In the United States adoption of mean time was later still, most likely due to religious opposition. Sun time was regarded as “God’s time” and deviation from it was considered a modest sin in a less secular age than our own. There is some evidence that LAT hung on in the United States far into the nineteenth century, e.g., in the Congressional Record of the Twenty-Ninth Congress, it is recorded that on December 1, 1845:

At 12 o’clock meridian, Benjamin B. French Esq. the Clerk of the House at the last session of Congress rose and said, that as the hour of twelve o’clock had arrived, he would, in pursuance of usage, if not objected to, call over the list of members by States for the purpose of ascertaining the names of those present, and whether a quorum was present.
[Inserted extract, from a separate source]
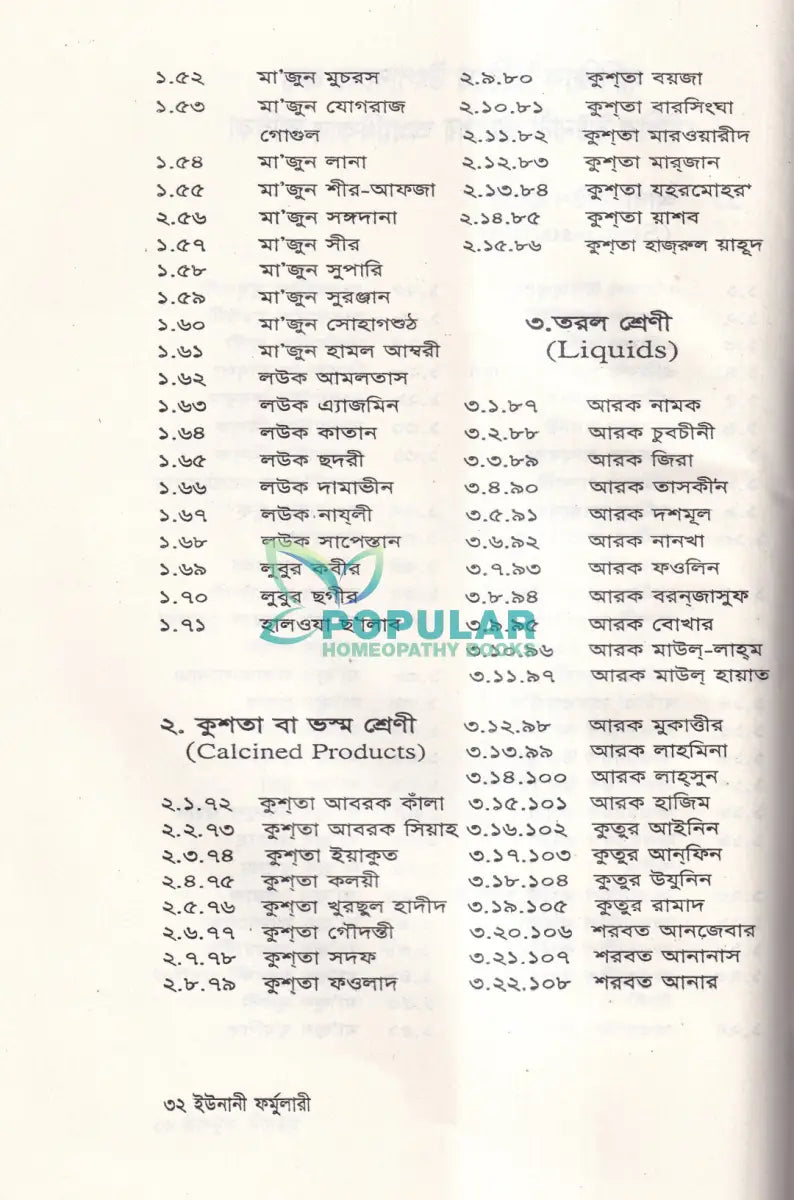 বাংলাদেশ জাতীয় ইউনানী ফর্মুলারী Unani Books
The Sun was in the meridian, that is, local apparent noon occurred at Washington on December 1, 1845 at 11:49:24 a.m. local mean time. While it is not conclusive, one must wonder why Mr. French would otherwise specify 12 o’clock meridian, that is local apparent noon, since at local mean time noon the Sun would be more than ten and a half minutes beyond the meridian.

The question of when mean time was adopted in the United States is a troublesome matter that extends back to the transition from apparent time to mean time everywhere, namely, what kind of time was in effect when and where? The answer is that it varied from community to community and region to region; but as a benchmark, one should never use local mean time for a horoscope that pre-dates 1780 for a Genevan, 1792 for a Londoner, 1810 for a Berliner, 1816 for a Parisian and probably much later than that for an American, especially in the western states.

Once the capital city of a state or country adopted mean time, its environs slowly took on the local mean time of the capital at the expense of their own. Places more remote from the capital slowly adopted their own LMT, and places still farther out stayed longer on LAT. The example of England is typical: the rate at which communities dropped LAT and adopted their own LMT, and the rate at which the LMT of London slowly absorbed the local times of neighboring communities, until the entire country observed it, is buried in civic records. By 1855 the overwhelming majority of English clocks were set to the local mean time of the Greenwich Observatory, or GMT, but it wasn’t the legal time in England until 1880.